■ What you need to do:
Every entry here needs to be repeated exactly.
[[ Data in this exercise, beginning ]]
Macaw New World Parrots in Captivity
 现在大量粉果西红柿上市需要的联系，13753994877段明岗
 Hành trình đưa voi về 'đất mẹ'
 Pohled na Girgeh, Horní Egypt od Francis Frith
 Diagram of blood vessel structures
[[ Data in this exercise, end ]]
■ Your solution:
Macaw New World Parrots in Captivity
 现在大量粉果西红柿上市需要的联系，13753994877段明岗
 Hành trình đưa voi về 'đất mẹ'
 Pohled na Girgeh, Horní Egypt od Francis Frith
 Diagram of blood vessel structures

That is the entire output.